Fulacht fia, Knocknagappul, Co. Cork
Co. Cork |
Settlement Sites
At Knocknagappul in mid Cork, there is an archaeological site that no longer quite exists, which makes it interesting in its own quiet way.
What was once a fulacht fia, a type of prehistoric cooking or industrial site typically identified by a horseshoe-shaped mound of fire-cracked stone and charcoal left behind by repeated heating of water in a pit or trough, has been levelled. The mound of burnt material, the very thing that would have marked this place out on the landscape for thousands of years, was flattened during tree planting operations. The forestry that replaced it is now, by all accounts, inaccessible.

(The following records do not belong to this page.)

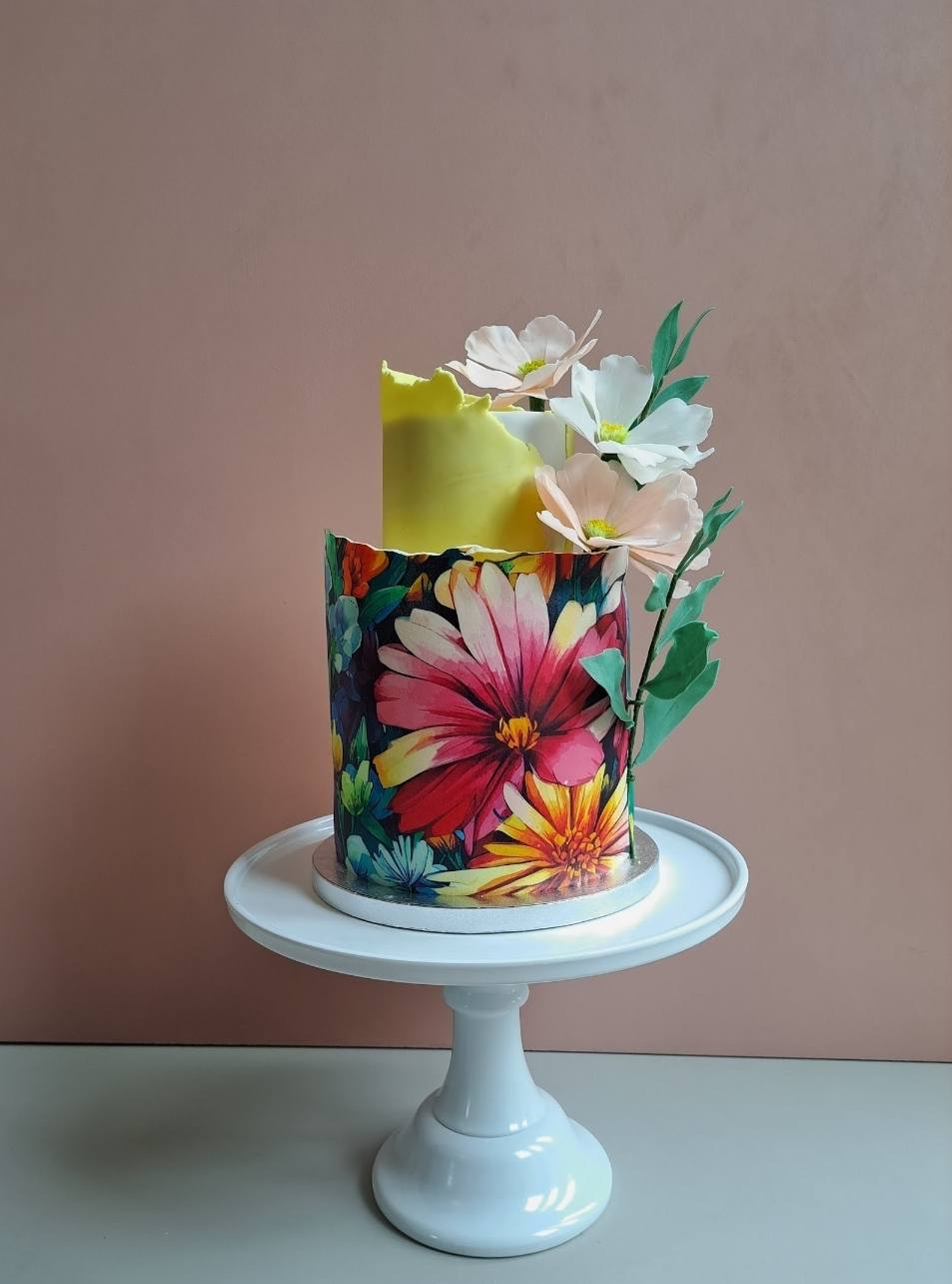 Bright floral celebration cake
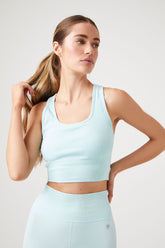 Forever 21 Women's Active Racerback Cropped Tank Top Powder Blue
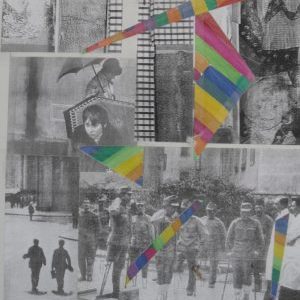 Collage aus schwarz-weiß Fotografien & farbigen Streifen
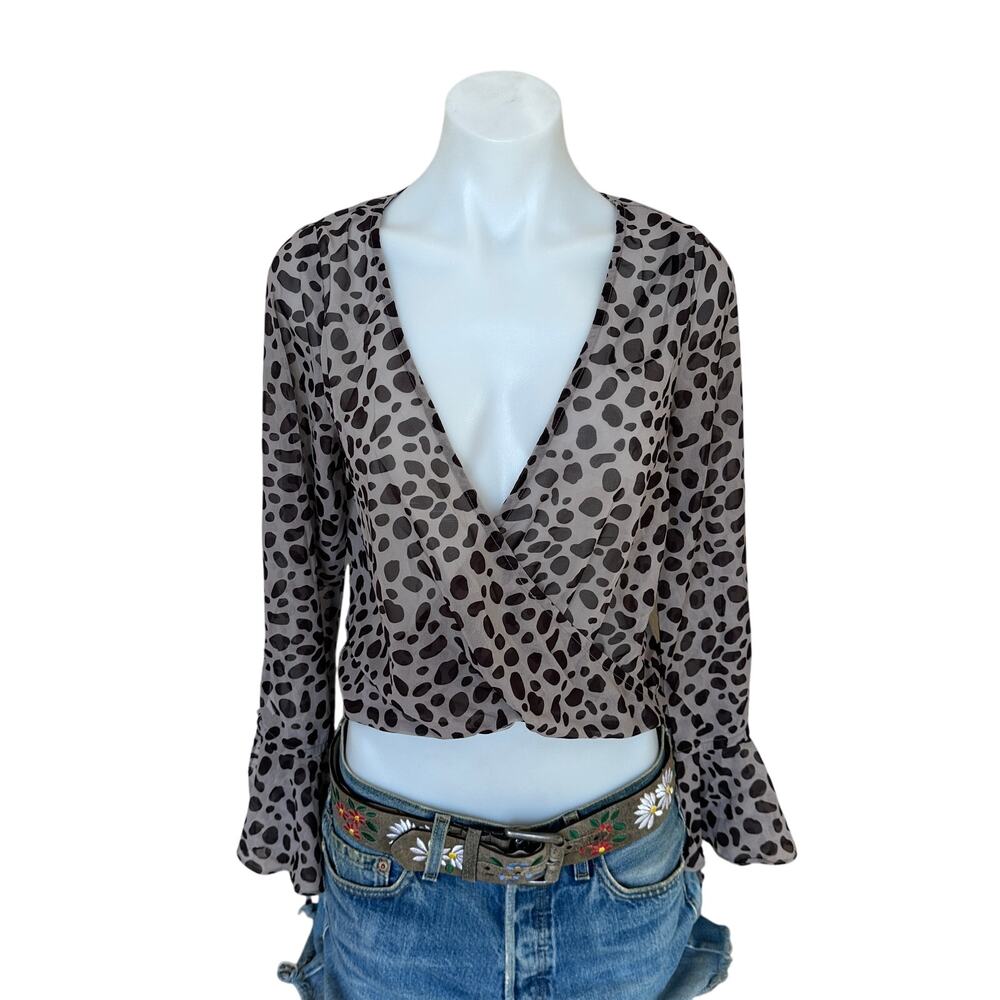 Revolve Leopard Wrap Top XS Sheer Animal Print Tan Plunging Superdown $57 NEW - Picture 4 of 7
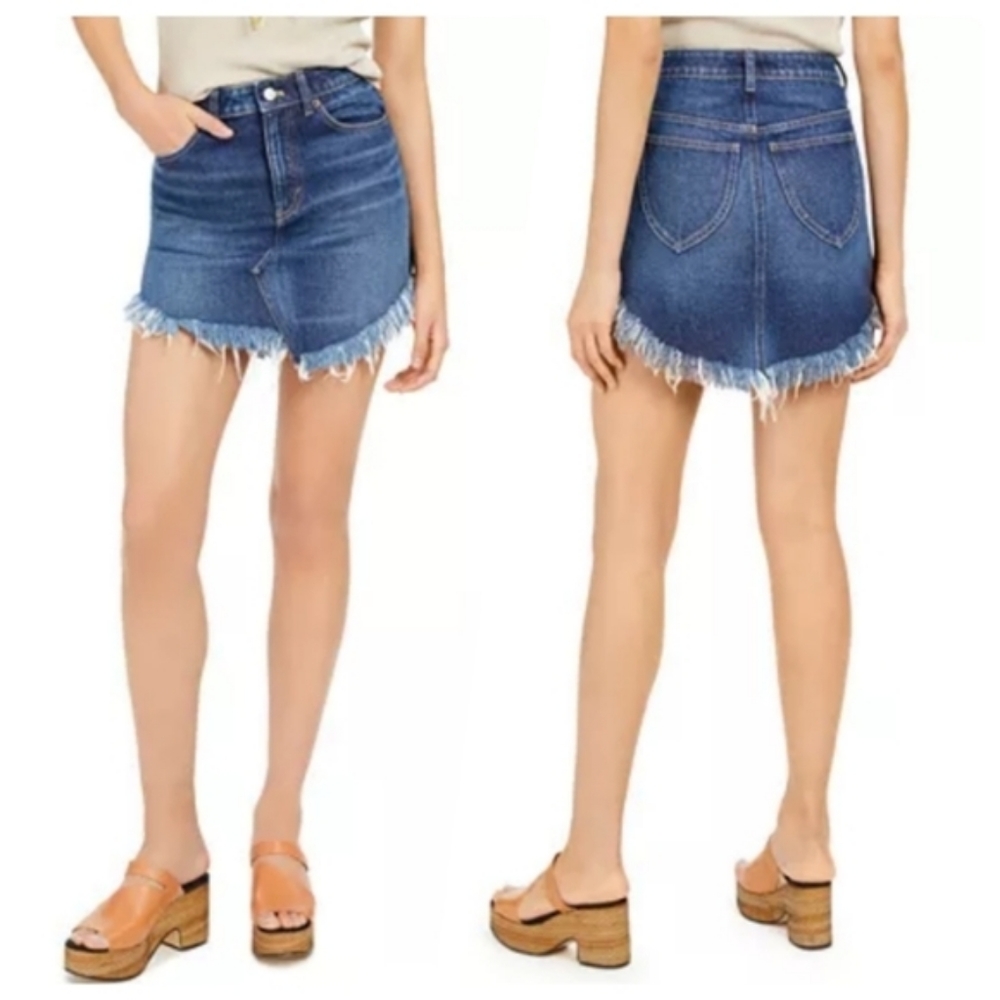 Free people Bailey Solid Denim Mini Skirt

Fulachtaí fia are among the most common prehistoric monument types in Ireland, found in the hundreds across Cork alone, usually in low-lying or marshy ground near water. They date broadly to the Bronze Age, though some examples have produced dates ranging from the Neolithic through to the early medieval period. The one at Knocknagappul follows a pattern that will be familiar to anyone who has looked into the fate of Irish field monuments: it survived millennia in the ground, only to meet its end in the twentieth century during land improvement or commercial forestry work. What the local information preserves is essentially an epitaph, a note that something was here, and that the physical evidence of it is gone.